**Records for processing**
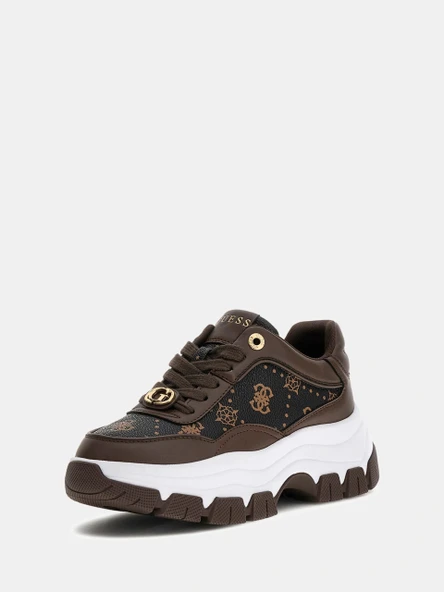 Berrett Kadın Sneaker - Resim 4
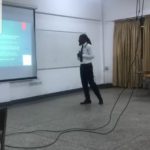 Samini impresses lecturer with presentation skills at GIMPA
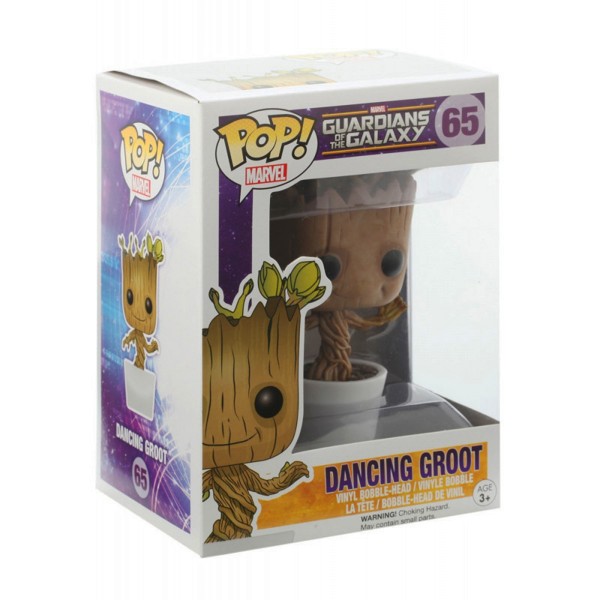 172134 Ігрова фігурка FUNKO POP! серії "Вартові Галактики" - ГРУТ, ЩО ТАНЦЮЄ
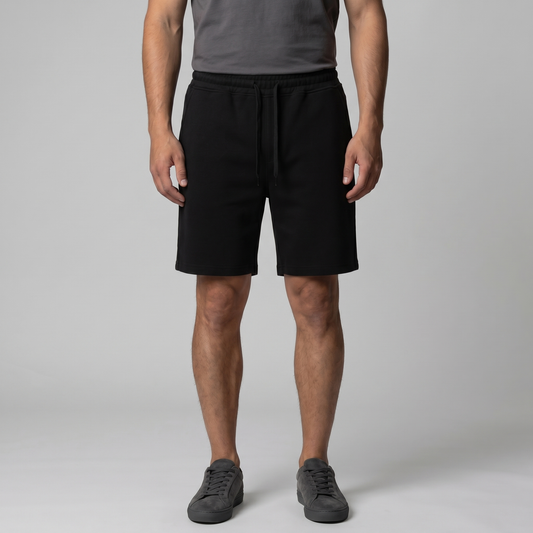 Men's Fleece Drawstring Shorts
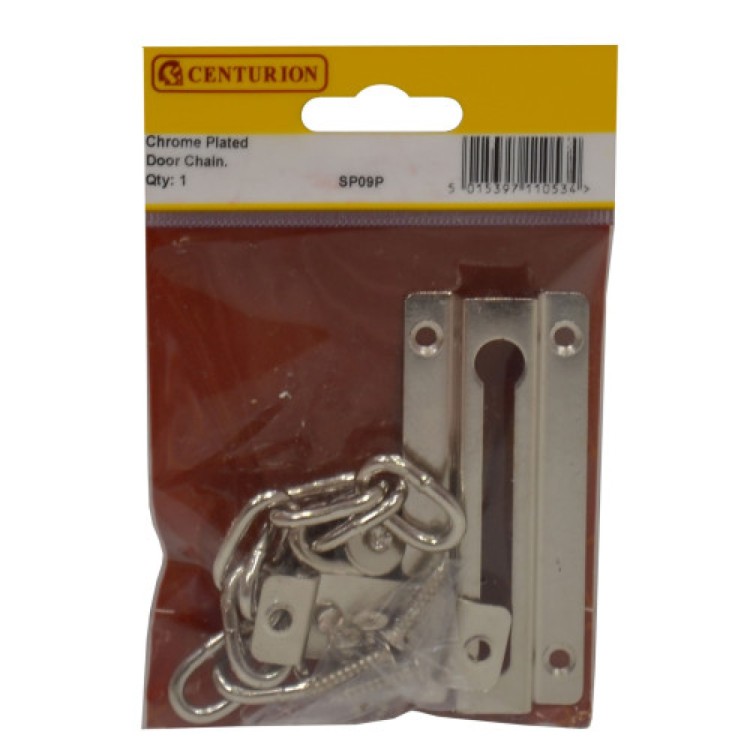 Centurion Chromed Steel Door Chain 
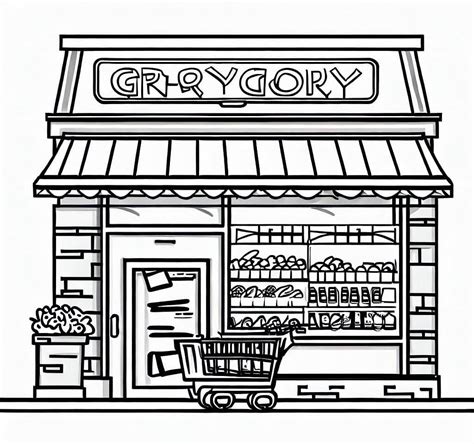 Coloriage Dessin De Picerie Gratuit T L Charger Et Imprimer Gratuit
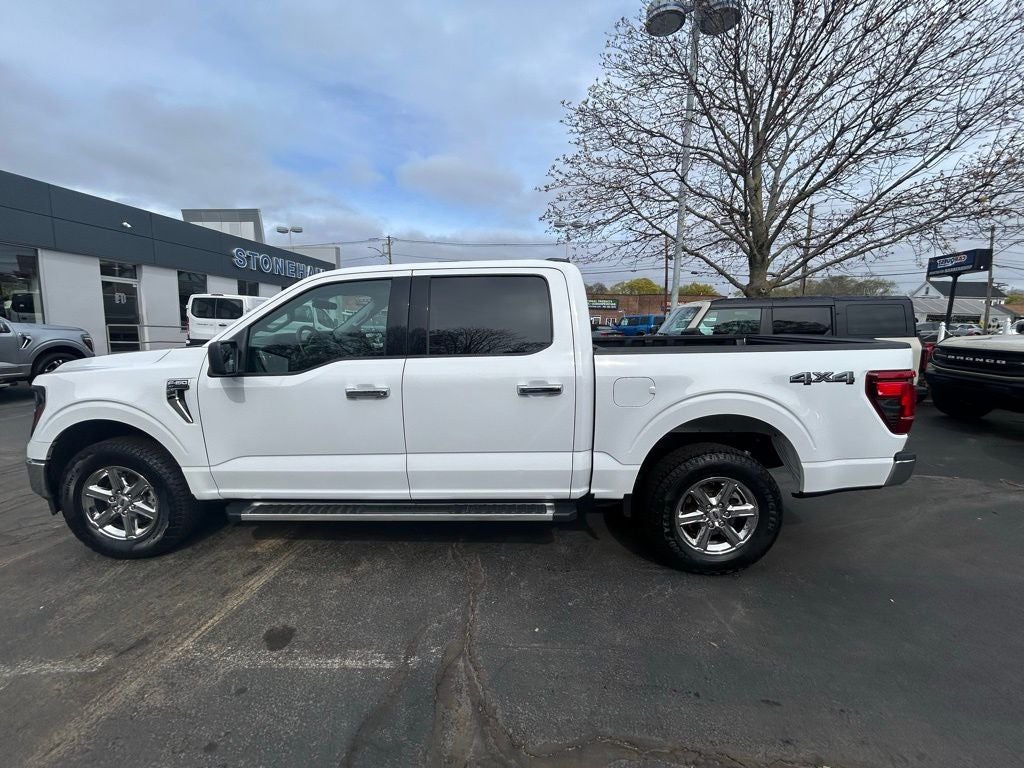 2025 Ford F-150 XLT Super Crew 4x4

**Task to complete**
Repeat each of the entries above exactly, but do not carry over the pictures.

**Answer area**
 Berrett Kadın Sneaker - Resim 4
 Samini impresses lecturer with presentation skills at GIMPA
 172134 Ігрова фігурка FUNKO POP! серії "Вартові Галактики" - ГРУТ, ЩО ТАНЦЮЄ
 Men's Fleece Drawstring Shorts
 Centurion Chromed Steel Door Chain 
 Coloriage Dessin De Picerie Gratuit T L Charger Et Imprimer Gratuit
 2025 Ford F-150 XLT Super Crew 4x4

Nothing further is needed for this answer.